After all of the that, you can see why ACPI and its static tables and interpreted AML byte-codes are the preferred run time interface to the platform for PC/AT BIOS and UEFI systems today. The co-location of the UEFI RT with the kernel in ring 0 and some of the vagaries listed above in implementation argue for not growing the corpus of UEFI RT capabilities.

32v64 - The platform construction view of the world
You will note above some discussion of DXE along with the EFI ISA mode work. Just as the UEFI RT dictates the UEFI BS mode of operation, the UEFI BS mode dictates the Driver Execution Environment (DXE) mode of operation since the Framework and UEFI Platform Initialization (PI) DXE forms the core of the EFI and UEFI interface sets, respectively. The same holds true for Framework and PI SMM in the DXE is the SMM loader, so the ISA mode of DXE boot service-time became the mode of the SMM DXE. Once the die was cast for 64-bits, almost everything in the pre-OS became 64-bit.

"Almost everything" was the case because there are a couple of modes of operation prior to DXE, namely the SEC and PEI phases. These two phases commence after a processor reset. Even with the advent of x64, Intel Architecture CPU's still commence operation in 16-bit mode. As such, the SEC phase mode switches to the PEI mode of operation. PEI can execute in 32-bit or 64-bit mode. Some of the complexities of 64-bit long mode entail larger binaries and having to run with paging enabled. These can be covered by budgeting for the flash space for larger code images and setting up ROM'd page tables with the AD bits pre-set so that page fault walkers don't panic trying to update read-only PTE's. The advantages of having the ISA mode of PEI and DXE match also include having codes from PEI that can be passed into DXE and re-used, such as the PE/COFF loader and the report status code logic. The latter is especially important in that prior to loading the DXE architectural protocols, a HOB proxied report status code pointer can be used to update the boot progress during the grey period between PEI hand-off and DXE start up. 32-bit mode, on the other hand, can run in physical mode without paging. Since such PEI execute in place (XIP) codes rarely need greater than 32-bit addressing and need to be penurious on code size and data usage because of cache-as-RAM size limitations, today PEI implementations are typically 32-bit and the final PEI, or the DXE IPL PEIM, will mode switch to 64-bit as part of invoking DXE Main.

So in summary, the ISA mode of the firmware and the OS kernel is not so simple of a story, and the story is again distinct from the ISA mode of the early PI phases of execution.

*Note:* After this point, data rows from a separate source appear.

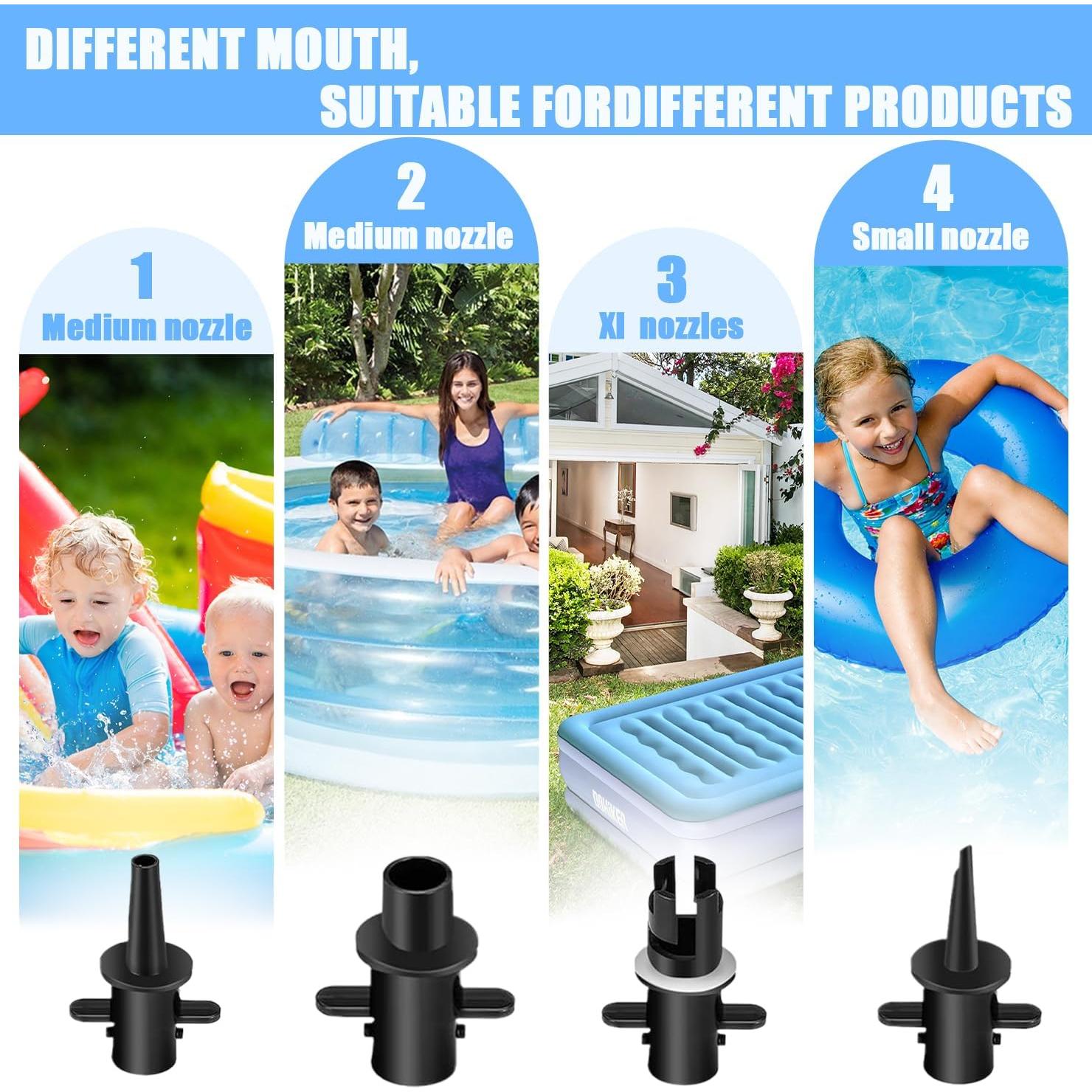 Portable Electric Air Pump 600W Fast Inflation Pump with Hose 4 Nozzles 110-120V AC Air Pump for Air Mats Inflatable Mats Gymnastics Mats Pool Toys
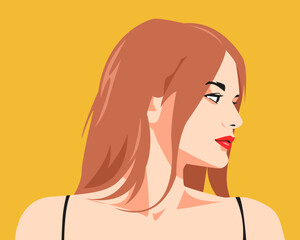 portrait of beautiful girl face looking sideways. long brown hair style. avatar for social media. for profile, template, print, sticker, poster, etc. flat vector illustration.
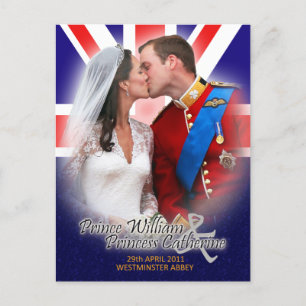ウィリアム&ケイト王室のの結婚キスはがき ポストカード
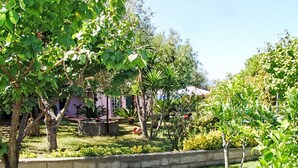 Een tuin met een stenen muur, diverse planten en een gebouw op de achtergrond.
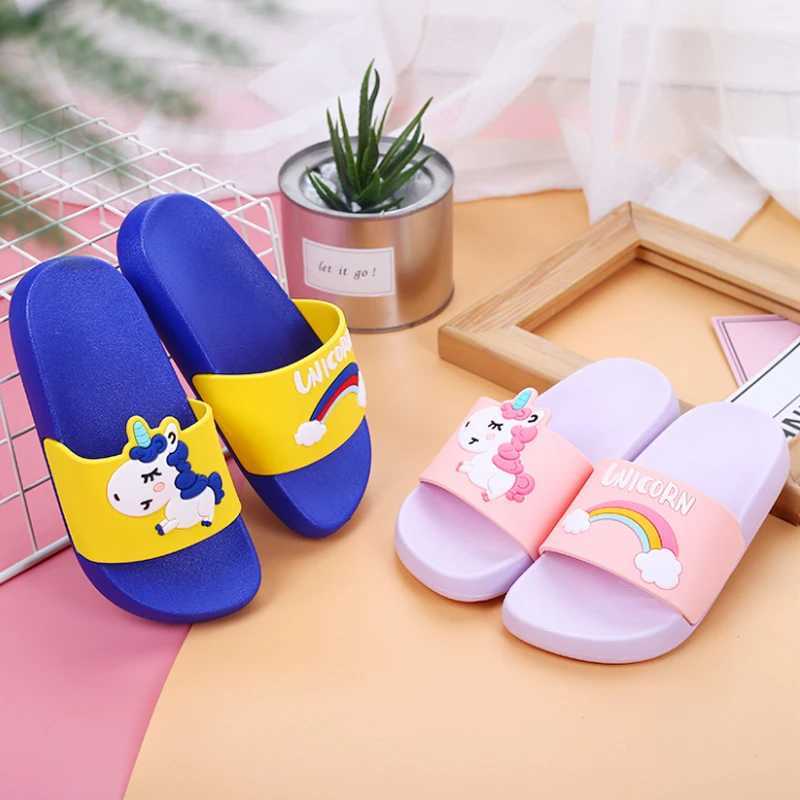 New Unicorn Slippers Boy Girl Summer Kids Rainbow Indoor Slippers Non-Slip Beach Sandals Toddler Home Shoes Baby FlipT250311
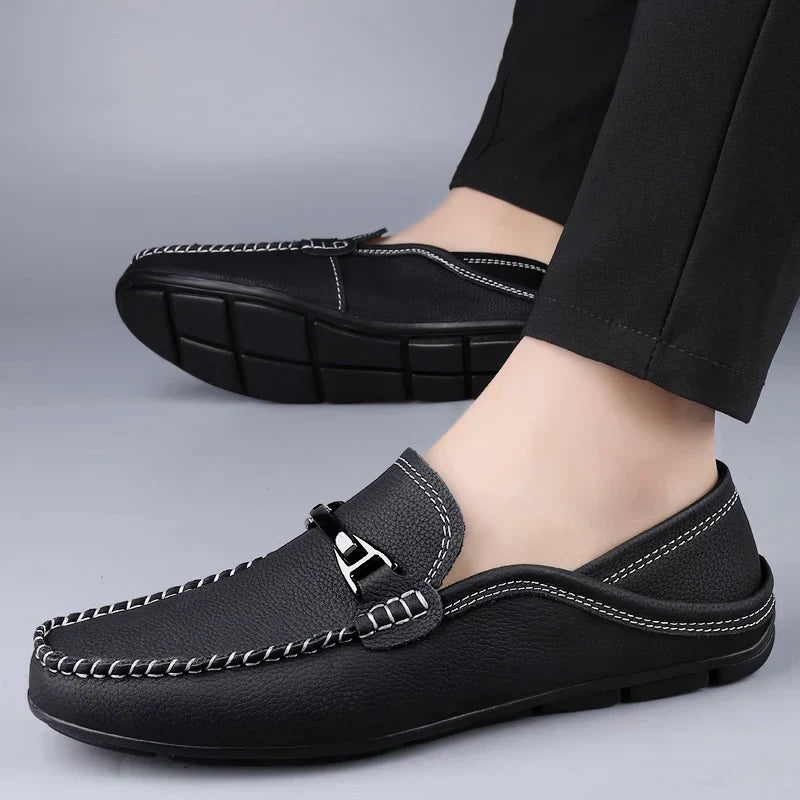 Kessoro men's classic premium slip-on loafers in blue, black and khaki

So enough on 32-bit and 64-bit.

Note (3/4/14): Matt Fleming has an experimental patch treating booting a 64-bit Linux kernel on a 32-bit UEFI platform https://lkml.org/lkml/2014/3/4/242

UEFI Secure Boot - Measuring Policy
The other thing I wanted to mention was a recent publication on MSDN, namely the Trusted Execution Environment (TrEE) EFI Protocol and measurement updates, which can be found at http://msdn.microsoft.com/en-us/library/windows/hardware/jj923068.aspx. This publication is important because the language toward the end around PCR[7] logging of the UEFI 2.3.1c PK, KEK, and DB/DBX addresses one of the architectural gaps of scenarios that employ both measured and secure boot. Recall that the paper "UEFI Networking and Pre-OS Security" at https://noggin.intel.com/content/uefi-networking-and-pre-os-security-0  describes the relationship of measured and secure boot. Specifically, on page 94 of the same, "...Measured Boot must include the Allowed, Forbidden, KEK, and PK variables (databases) in its measurements of a Secure Boot-configured platform." As a result, the measurement language in the TrEE protocol provides a solution for recording the state of the UEFI Secure Boot enforcement policy.